Keeping check on Performance

Use an audit log to keep track of execution statistics, when the feed starts to pull data, finishes and how many rows brought across. If the source database ever has performance problems this will help diagnose the fault. It’s quite easy for a third party to blame a feed when the problem actually lies else where!

You can also build this into a feed monitor, for instance, if data hasn’t been pulled across for a particular table for a set duration then almost certainly there is a problem and you can raise an alert.

Minimising Data Transfer

I’ve already mentioned ways on the source database to capture when rows are updated. We now need to make use of these on the destination database.

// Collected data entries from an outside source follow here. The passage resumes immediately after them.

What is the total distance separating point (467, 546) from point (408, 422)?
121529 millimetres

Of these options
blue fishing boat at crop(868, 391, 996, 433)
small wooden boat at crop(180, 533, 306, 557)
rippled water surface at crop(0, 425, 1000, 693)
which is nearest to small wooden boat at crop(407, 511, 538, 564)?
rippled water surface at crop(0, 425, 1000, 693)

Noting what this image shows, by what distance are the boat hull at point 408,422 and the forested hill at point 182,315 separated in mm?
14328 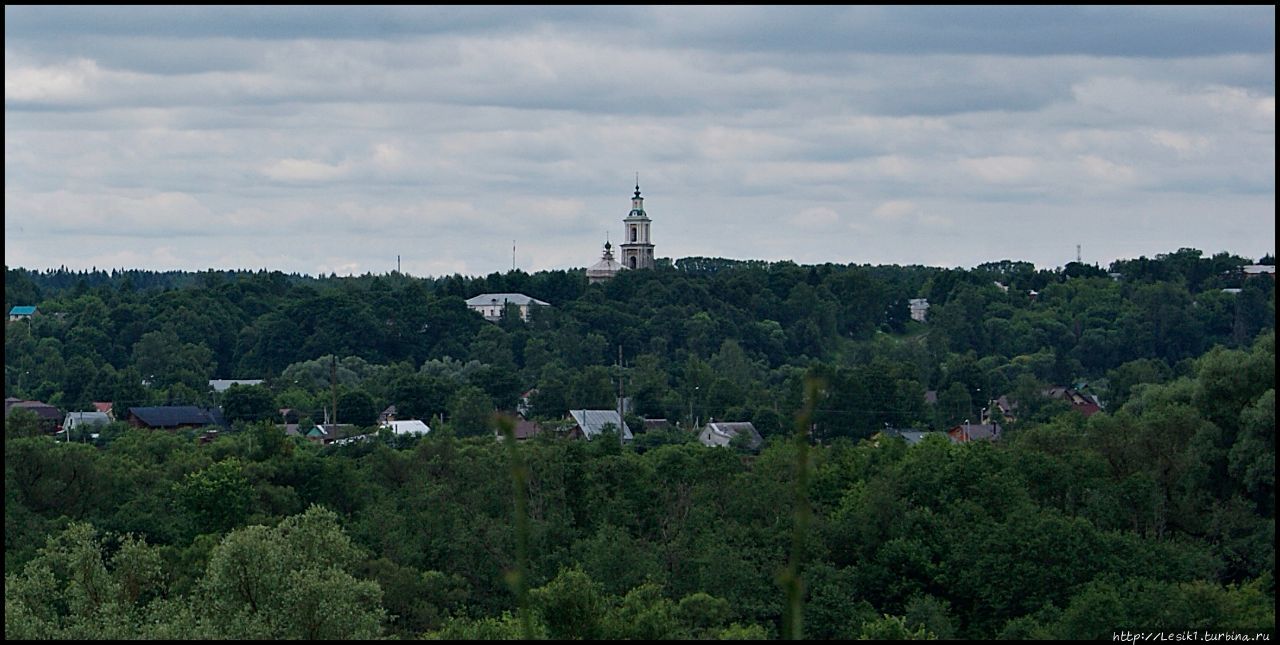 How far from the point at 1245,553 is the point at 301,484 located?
67.7 ft

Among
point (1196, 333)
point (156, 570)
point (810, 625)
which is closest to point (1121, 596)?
point (810, 625)

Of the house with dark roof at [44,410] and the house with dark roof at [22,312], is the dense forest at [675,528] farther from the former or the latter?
the house with dark roof at [22,312]

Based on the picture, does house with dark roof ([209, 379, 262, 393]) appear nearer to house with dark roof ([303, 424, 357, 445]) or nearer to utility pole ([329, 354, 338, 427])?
utility pole ([329, 354, 338, 427])

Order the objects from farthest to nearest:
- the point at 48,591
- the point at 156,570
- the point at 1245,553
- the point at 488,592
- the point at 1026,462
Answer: the point at 1026,462 < the point at 488,592 < the point at 1245,553 < the point at 156,570 < the point at 48,591

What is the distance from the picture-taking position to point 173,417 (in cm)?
6725

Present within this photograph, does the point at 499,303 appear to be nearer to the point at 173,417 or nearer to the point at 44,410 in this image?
the point at 44,410

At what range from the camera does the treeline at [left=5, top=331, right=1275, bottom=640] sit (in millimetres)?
21766

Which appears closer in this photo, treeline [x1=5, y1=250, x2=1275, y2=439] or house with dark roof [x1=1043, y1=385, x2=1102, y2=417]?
treeline [x1=5, y1=250, x2=1275, y2=439]

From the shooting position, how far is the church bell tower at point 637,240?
137375 mm

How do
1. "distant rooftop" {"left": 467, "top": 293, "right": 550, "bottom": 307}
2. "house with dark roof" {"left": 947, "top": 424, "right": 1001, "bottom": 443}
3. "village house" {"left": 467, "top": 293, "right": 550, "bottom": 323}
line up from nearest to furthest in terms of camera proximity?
"house with dark roof" {"left": 947, "top": 424, "right": 1001, "bottom": 443} < "village house" {"left": 467, "top": 293, "right": 550, "bottom": 323} < "distant rooftop" {"left": 467, "top": 293, "right": 550, "bottom": 307}

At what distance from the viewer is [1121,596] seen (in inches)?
945

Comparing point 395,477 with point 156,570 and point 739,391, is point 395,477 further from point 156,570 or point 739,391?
point 739,391

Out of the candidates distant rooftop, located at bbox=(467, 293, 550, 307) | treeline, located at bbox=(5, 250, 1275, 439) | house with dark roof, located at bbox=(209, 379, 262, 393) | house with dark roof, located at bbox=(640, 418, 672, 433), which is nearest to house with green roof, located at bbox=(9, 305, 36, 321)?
treeline, located at bbox=(5, 250, 1275, 439)

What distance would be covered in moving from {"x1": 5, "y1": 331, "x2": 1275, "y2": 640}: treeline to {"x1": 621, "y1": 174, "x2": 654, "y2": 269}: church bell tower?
97.1m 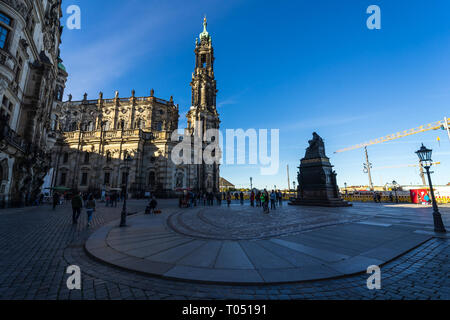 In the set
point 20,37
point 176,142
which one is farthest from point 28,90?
point 176,142

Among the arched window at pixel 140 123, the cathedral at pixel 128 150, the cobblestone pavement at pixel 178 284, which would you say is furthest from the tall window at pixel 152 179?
the cobblestone pavement at pixel 178 284

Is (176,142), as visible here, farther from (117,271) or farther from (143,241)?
(117,271)

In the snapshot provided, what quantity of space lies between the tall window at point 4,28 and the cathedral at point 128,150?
50.0 feet

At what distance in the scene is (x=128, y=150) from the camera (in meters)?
33.2

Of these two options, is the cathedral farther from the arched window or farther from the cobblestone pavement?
the cobblestone pavement

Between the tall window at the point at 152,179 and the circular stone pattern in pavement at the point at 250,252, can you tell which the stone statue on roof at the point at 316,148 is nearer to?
the circular stone pattern in pavement at the point at 250,252

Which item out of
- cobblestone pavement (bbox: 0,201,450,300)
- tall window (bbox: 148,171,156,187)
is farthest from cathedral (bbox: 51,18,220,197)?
cobblestone pavement (bbox: 0,201,450,300)

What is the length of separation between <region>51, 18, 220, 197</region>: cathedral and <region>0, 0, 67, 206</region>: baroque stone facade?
10.3 meters

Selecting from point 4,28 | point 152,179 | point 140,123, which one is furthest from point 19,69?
point 140,123

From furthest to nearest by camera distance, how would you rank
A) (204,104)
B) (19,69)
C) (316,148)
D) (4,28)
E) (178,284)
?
(204,104) → (316,148) → (19,69) → (4,28) → (178,284)

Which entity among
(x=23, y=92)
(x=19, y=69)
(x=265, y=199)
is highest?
(x=19, y=69)

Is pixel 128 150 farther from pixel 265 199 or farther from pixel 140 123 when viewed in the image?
pixel 265 199

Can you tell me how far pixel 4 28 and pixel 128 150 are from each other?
20455mm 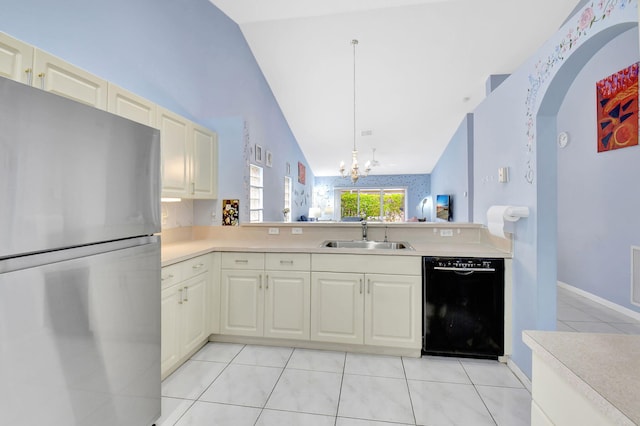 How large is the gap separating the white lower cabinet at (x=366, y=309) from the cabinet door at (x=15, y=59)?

My favourite method for implementing a feed is to have a number of database tables that hold the Meta data for the tables, columns and keys I’m pulling across. I then use dynamically built SQL to execute the feed logic. The benefit of this approach is that you don’t have lots and lots of stored procedures that are logically the same but differ only in the table name and columns they bring across. The other benefit is that your testing can be concentrated on a smaller amount of code.

The frequency at which the feed is executed needs to be determined baring in mind how long the feed takes to run, this will depend on how much data is brought across. I tend to go for 30 or 15 minute intervals.

 

Destination Processing

Don’t directly populate your destination base tables, use staging tables instead. You’ll find it easier to test and debug problems, it also reduces locking contention. If you populate directly your transaction will be open a lot longer – the time it takes to bring the data across, that is dependant on the source database performance and network performance.

The order of applying modifications/inserts to your destination base tables is DELETES then UPDATES then INSERTS. If you did UPDATES after INSERTS then you would probably end up updating rows that you’ve just inserted thereby increasing IO and load. The SQL will be something like below:-

 

DELETE basetable

WHERE primarykey IN ( SELECT primarykey FROM stagingtable )

 

UPDATE basetable

            SET col1 = st.col2, ….

FROM stagingtable AS st

WHEER basetable.primarykey = st.primarykey

 

INSERT basetable ( col1, …. )

SELECT col1, …

FROM stagingtable AS st

WHERE NOT EXISTS (

            SELECT *

            FROM basetable bt

            WHERE bt.primarykey = st.primarykey

            )

Using Microsoft SQL Server

I prefer using SQL Server because it offers a very flexible environment for easily getting data out of multiple environments be they Oracle, Sybase, Text files, XML or on an AS400.

You can use ‘Linked Servers’ to gain access into external systems and query them using SQL.

For more complex feeds or data requirements you can use Data Transformation Services (DTS), this allows you to code using VBScript.

Another beauty about SQL Server is that you get very powerful reporting and business intelligent tools out of the box. SQL Server Reporting Services can be used to provide very powerful reports and web interaction. SQL Server Analysis Services offers a comprehensive business intelligence solution with data mining and pivot tables amongst a host of other features.